:: Input data

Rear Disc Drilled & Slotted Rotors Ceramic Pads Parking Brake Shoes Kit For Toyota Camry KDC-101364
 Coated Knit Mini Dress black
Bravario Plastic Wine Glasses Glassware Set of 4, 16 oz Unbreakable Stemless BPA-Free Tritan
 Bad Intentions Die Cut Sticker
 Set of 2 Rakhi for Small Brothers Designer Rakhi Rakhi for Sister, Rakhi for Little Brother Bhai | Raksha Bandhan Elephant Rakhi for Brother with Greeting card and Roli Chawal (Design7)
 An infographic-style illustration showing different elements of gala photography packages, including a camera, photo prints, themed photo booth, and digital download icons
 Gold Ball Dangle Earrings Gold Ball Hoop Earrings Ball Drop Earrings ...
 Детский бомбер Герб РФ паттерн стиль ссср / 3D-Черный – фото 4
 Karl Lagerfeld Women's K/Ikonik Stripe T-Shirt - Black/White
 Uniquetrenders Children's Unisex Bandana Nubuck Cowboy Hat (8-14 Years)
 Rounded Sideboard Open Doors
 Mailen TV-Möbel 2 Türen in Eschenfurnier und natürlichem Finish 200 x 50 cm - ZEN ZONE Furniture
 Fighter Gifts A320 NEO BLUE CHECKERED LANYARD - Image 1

::::

- What you need to do
Restate every line of the data above exactly as it was written.

- Response
Rear Disc Drilled & Slotted Rotors Ceramic Pads Parking Brake Shoes Kit For Toyota Camry KDC-101364
 Coated Knit Mini Dress black
Bravario Plastic Wine Glasses Glassware Set of 4, 16 oz Unbreakable Stemless BPA-Free Tritan
 Bad Intentions Die Cut Sticker
 Set of 2 Rakhi for Small Brothers Designer Rakhi Rakhi for Sister, Rakhi for Little Brother Bhai | Raksha Bandhan Elephant Rakhi for Brother with Greeting card and Roli Chawal (Design7)
 An infographic-style illustration showing different elements of gala photography packages, including a camera, photo prints, themed photo booth, and digital download icons
 Gold Ball Dangle Earrings Gold Ball Hoop Earrings Ball Drop Earrings ...
 Детский бомбер Герб РФ паттерн стиль ссср / 3D-Черный – фото 4
 Karl Lagerfeld Women's K/Ikonik Stripe T-Shirt - Black/White
 Uniquetrenders Children's Unisex Bandana Nubuck Cowboy Hat (8-14 Years)
 Rounded Sideboard Open Doors
 Mailen TV-Möbel 2 Türen in Eschenfurnier und natürlichem Finish 200 x 50 cm - ZEN ZONE Furniture
 Fighter Gifts A320 NEO BLUE CHECKERED LANYARD - Image 1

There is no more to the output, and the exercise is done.